色々な分野での活動による間接伝道は、「布教のいろは」であり、どの宗教団体も多かれ少なかれ、「フロント組織」を持って活動しているものです。そういう共産党自体、世界平和女性連合と同様、国連NGOである「新日本婦人の会」を組織しており、この婦人の会は共産党の集票組織として、選挙の際には絶大な力を発揮しています。かって筆者は学生時代、部落差別撤廃運動に共感し、部落問題研究会に入部し、しばらく活動をした経験があります。しかし、後になって分かったことですが、この部落問題研究会は、日本共産党のフロント組織である民主青年同盟、いわゆる「民青」の巣窟だったのです。

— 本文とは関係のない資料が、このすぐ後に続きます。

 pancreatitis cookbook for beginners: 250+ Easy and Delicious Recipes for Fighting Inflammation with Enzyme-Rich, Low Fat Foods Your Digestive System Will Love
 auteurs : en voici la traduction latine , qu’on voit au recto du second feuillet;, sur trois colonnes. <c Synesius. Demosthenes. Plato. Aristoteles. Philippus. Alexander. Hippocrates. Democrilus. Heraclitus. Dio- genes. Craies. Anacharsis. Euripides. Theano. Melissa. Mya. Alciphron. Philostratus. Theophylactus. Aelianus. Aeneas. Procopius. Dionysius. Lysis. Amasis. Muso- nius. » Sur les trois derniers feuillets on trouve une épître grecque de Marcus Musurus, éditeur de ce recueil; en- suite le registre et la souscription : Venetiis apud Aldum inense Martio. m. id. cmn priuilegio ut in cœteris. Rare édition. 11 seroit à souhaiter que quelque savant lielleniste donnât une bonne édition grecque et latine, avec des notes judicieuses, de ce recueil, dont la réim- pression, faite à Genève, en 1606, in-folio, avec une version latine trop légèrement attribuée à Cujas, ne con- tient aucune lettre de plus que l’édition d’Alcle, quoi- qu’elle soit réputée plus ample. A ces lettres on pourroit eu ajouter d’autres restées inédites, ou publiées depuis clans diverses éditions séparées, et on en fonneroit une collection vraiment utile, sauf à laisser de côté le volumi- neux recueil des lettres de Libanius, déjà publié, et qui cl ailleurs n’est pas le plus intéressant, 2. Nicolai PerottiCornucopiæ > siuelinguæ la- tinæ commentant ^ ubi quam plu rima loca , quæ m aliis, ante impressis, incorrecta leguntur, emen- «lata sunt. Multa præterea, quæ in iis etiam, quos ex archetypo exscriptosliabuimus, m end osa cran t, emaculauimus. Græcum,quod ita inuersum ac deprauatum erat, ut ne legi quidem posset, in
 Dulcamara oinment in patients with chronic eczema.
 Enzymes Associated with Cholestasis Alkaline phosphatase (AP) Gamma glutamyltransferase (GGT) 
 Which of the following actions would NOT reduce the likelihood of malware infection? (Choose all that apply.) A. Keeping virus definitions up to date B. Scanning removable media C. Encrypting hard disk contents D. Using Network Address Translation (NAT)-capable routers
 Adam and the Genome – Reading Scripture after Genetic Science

もし穀田氏が、世界平和女性連合がUCのダミーで正体を隠した布教であると言うなら、共産党の新日本婦人の会や民青も同じ穴のむじなということになるでしょう。


キリスト教でも、教育機関、病院、慈善団体なとを運営し、キリスト教思想の浸透を計っています。いわゆる伝道方法には、エバンジェリカルな福音の直接伝道と、社会活動をメインにした間接伝道があり、宗教的信念に基づく間接伝道組織は、それ自体の活動目的を自己完結的に有すると同時に、結果的に布教に寄与するという「二重目的」を持っているものであり、これが伝統的に確立された布教の在り方であります。従って、UCの様々な関連組織が「正体を隠した布教」として非難される謂れは微塵もありません。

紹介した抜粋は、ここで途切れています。